PCOS Blood Test Results Explained: What Your Numbers Actually Mean

You finally have results in hand. Maybe you waited two weeks for them, Googled every marker on the requisition form before the blood draw, and refreshed your patient portal a dozen times. Now you're staring at a page of flagged values and reference ranges that seem to contradict everything your symptoms are telling you.

This is one of the most common experiences women with suspected PCOS describe — and one of the most under-addressed gaps in routine care. A lab printout can confirm elevated androgens or flag your fasting insulin, but what it cannot do is translate those numbers into clinical meaning without context. That's what this article is for.

PCOS blood test results measure hormonal, metabolic, and reproductive markers that together paint a picture of how polycystic ovary syndrome is affecting your body. No single value confirms or rules out the diagnosis — interpretation depends on the full panel read together, your symptoms, and ideally, a clinician experienced in metabolic-hormonal disorders.

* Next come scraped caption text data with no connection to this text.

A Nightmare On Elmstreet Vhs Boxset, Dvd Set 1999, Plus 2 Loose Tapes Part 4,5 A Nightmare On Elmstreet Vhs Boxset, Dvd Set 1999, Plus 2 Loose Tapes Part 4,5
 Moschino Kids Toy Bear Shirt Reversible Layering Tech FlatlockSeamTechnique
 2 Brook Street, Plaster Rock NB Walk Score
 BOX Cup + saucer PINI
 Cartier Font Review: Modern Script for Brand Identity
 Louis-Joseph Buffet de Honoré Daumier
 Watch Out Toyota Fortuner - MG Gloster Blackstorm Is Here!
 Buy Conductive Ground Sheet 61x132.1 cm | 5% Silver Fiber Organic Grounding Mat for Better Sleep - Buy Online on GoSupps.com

Here's how to understand every number on that page.

There's No Single "PCOS Test" — Here's Why That Matters

PCOS is classified as a syndrome — a cluster of signs and symptoms sharing a common biological mechanism — rather than a disease with one measurable biomarker. Diagnosis is based on the Rotterdam Criteria, established in 2003 by a joint ESHRE/ASRM consensus panel, which requires at least two of three findings: irregular or absent ovulatory cycles, clinical or biochemical evidence of excess androgens, and/or polycystic ovarian morphology on ultrasound.

Blood tests are the primary tool to establish biochemical hyperandrogenism — the androgen excess piece — and to assess the metabolic burden that frequently accompanies it. The 2018 International Evidence-Based Guideline for PCOS (Teede et al.) recommends a structured panel that encompasses androgens, reproductive hormones, and metabolic markers as standard of care.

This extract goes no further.